在之前的文章“Logstash: 应用实践 - 装载CSV文档到Elasticsearch”中,我们已经讲述了如果把一个CSV格式的文件的数据传入到Elasticsearch之中,今天我们来讲述一下如何把一个Apache log的内容传入到Elasticsearch之中。
在进行这个练习之前,大家已经按照我之前的文章“如何安装Elastic栈中的Logstash”把Logstash安装好了。并且已经安装好自己的Elasticsearch及Kibana,并成功运行它们。在Elasticsearch的应用中,我们通常会把Logstash和Beats结合起来一起使用:
在今天的应用中,我们将使用Filebeats来读取我们的log,并把数据传入到Logstash之中。通过Logstash的Filter的处理,并最终送人到Elasticsearch中进行数据分析。

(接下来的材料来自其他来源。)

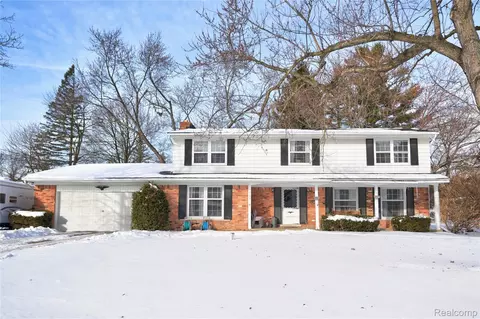 5189 Otsego St, Burton, MI 48509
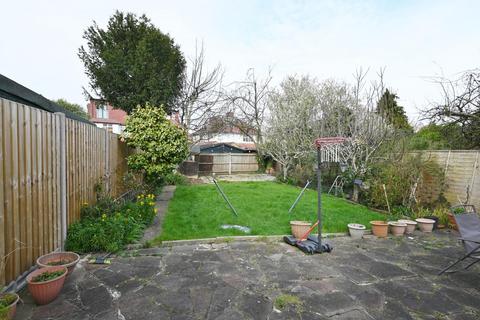 3 bedroom semi-detached house for sale, Constance Road, Twickenham TW2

你可以到地址https://github.com/elastic/examples/blob/master/Common%20Data%20Formats/apache_logs/apache_logs进行下载。然后存于自己的一个本地目录当中。针对我的情况,我存于我自己的home目录下的一个data目录。
localhost:data liuxg$ pwd
/Users/liuxg/data
localhost:data liuxg$ ls apache_logs.txt
apache_logs.txt
我们在我们本地的目录使用如下的方法:
wget https://raw.githubusercontent.com/elastic/examples/master/Common%20Data%20Formats/apache_logs/apache_logs
curl -L -O https://raw.githubusercontent.com/elastic/examples/master/Common%20Data%20Formats/apache_logs/apache_logs
针对我的情况,我把这个apache_logs文件存于本地的home目录下的data文件夹中。
Log的每条记录有如下的格式:
83.149.9.216 - - [17/May/2015:10:05:03 +0000] "GET /presentations/logstash-monitorama-2013/images/kibana-search.png HTTP/1.1" 200 203023 "http://semicomplete.com/presentations/logstash-monitorama-2013/" "Mozilla/5.0 (Macintosh; Intel Mac OS X 10_9_1) AppleWebKit/537.36 (KHTML, like Gecko) Chrome/32.0.1700.77 Safari/537.36"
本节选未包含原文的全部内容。